I’ve been reading great things from reviewers in the United States about Solito, in which the Salvadoran poet Javier Zamora recreates the journey he made at the age of nine over land and sea to join his parents in California. His parents had emigrated to the US before he turned five, and he had been living with his grandparents. The book has been featured in publications as various as The New York Times and High Country News (which covers social, political and ecological issues in the western US). But it wasn’t until I saw an interview yesterday with Zamora in the Review section of The Observer that I realised Solito was being published simultaneously in Britain (by Oneworld).

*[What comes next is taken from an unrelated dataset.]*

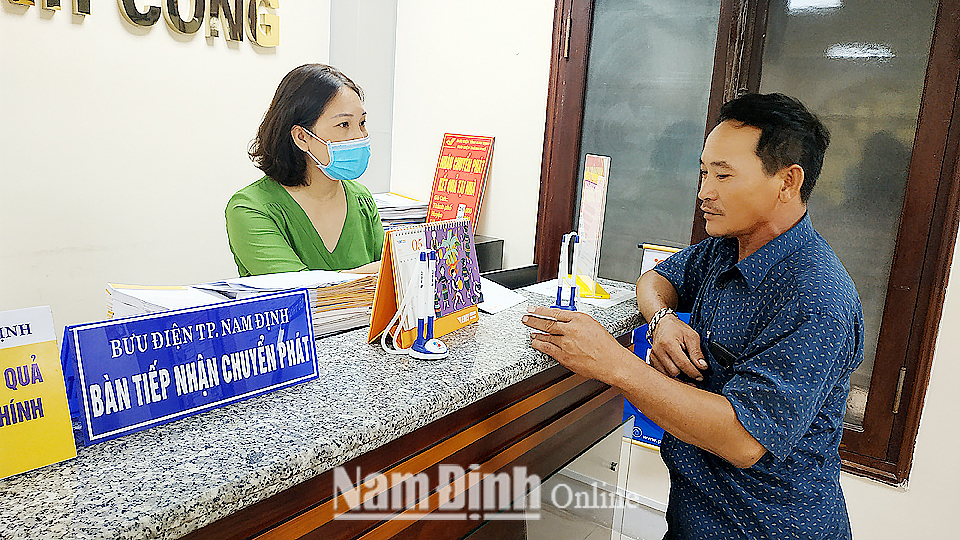 Nhân viên Bưu điện tỉnh tư vấn cho người dân về dịch vụ trả kết quả giải quyết thủ tục hành chính tận gia đình tại Trung tâm Phục vụ hành chính công tỉnh.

Zamora — a graduate of the creative writing programme at New York University and a Wallace Stegner fellow at Stanford University, California — had written of his experience as a migrant in his debut poetry collection, Unaccompanied. He told Killian Fox that he had been prompted to turn to prose and write Solito by “the weight of the trauma” that he had carried since boyhood:
I began… during Donald Trump’s America, when everybody was talking about immigration. In 2017, when we had the Central American child crisis at the border, it seemed it was the first time Americans realised that there had been child migrants. It angered me that they didn’t realise it had been occurring for decades, and I was part of that.

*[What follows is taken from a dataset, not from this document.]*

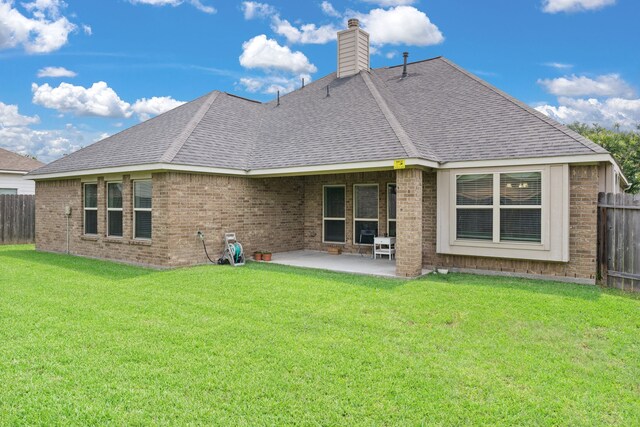 rear view of house with fence, a chimney, a patio area, and roof with shingles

But he says there was joy and hope as well as hardship during his journey:
I can still taste the fish we had in Acapulco and remember how happy we were getting food from nuns in a shelter near the border. It’s moments such as these that are absent from news clippings and even other works of fiction and non-fiction about immigration.
In retracing his journey, Zamora was helped by Francisco Cantú, who had worked as a Border Patrol agent in the areas where Zamora had crossed — a time he recalled in his own acclaimed memoir, The Line Becomes a River. Letters between the two men were included by William Atkins in his 2021 anthology for Granta of new travel writing, Should We Have Stayed At Home?; you can still read them on the Granta magazine site.